Following a section in Vanserg Hall, students were unable to leave the building due to a crowd of turkeys stationed outside the building. Students attempted several escape attempts but were unsuccessful due to the turkeys’ unusual aggressiveness.

The rafter of turkeys — yes, a rafter — strategically placed themselves at all access points across Vanserg, seemingly holding the students there intentionally. Students attempted to flee the building after 75 straight minutes of being lost in Chinese 123XB but were met with the unexpected avian sight.

Students reported the turkeys’ aggressive behavior to HUPD, who were unable to intervene after the turkeys flew at their patrol vehicles — miraculously, turkeys can fly, much to the surprise of law enforcement.

After the failed HUPD intervention, the rafter began loudly and repeatedly gobbling, much to the horror of the trapped student — who had now missed the narrow dining hall lunch hours. After several minutes of the mass gobbling, students deduced that the birds were attempting to communicate with them.

Volunteered to brave the rafter by his fellow classmates, Barry A. Rearmer ’28 approached the turkey brigade and began to speak with them; he had a 108-day Duolingo streak learning Turkeytalk, a language focusing on body movements and sounds used by turkeys. Rearmer started learning Turkeytalk after noticing the abundance of turkeys on campus after arriving last fall.

Rearmer flailed his arms and jumped rapidly, whilst gobbling and imitating the birds’ sounds, asking the rafter why they were holding them captive. The students’ captors — via gobble and the occasional tail-feather raise — expressed that they were sick of students frequenting the walkway outside of Vanserg, one of their favorite hangout spots.

After extensive negotiations, Rearmer came to an agreement with the turkeys: He would lead the rest of the students in an interpretive dance of apology to the birds.
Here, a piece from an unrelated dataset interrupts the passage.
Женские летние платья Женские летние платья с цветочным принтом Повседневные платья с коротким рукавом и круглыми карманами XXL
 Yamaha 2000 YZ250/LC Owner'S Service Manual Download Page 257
All of the students who spoke to The Crimson after the incident refused to explain the dance but said it was “turkey-like and humiliating.”

After spending more than five hours stuck in Vanserg — far more time than anyone should ever spend there —students were set free by their feathered captors.

In recognition of Rearmer’s bravery and ingenuity as an interpreter and hostage negotiator, the Dean of Students Office has awarded him with the First-Year Interspecies Leader Award, a novel addition to the existing DSO Leadership Awards.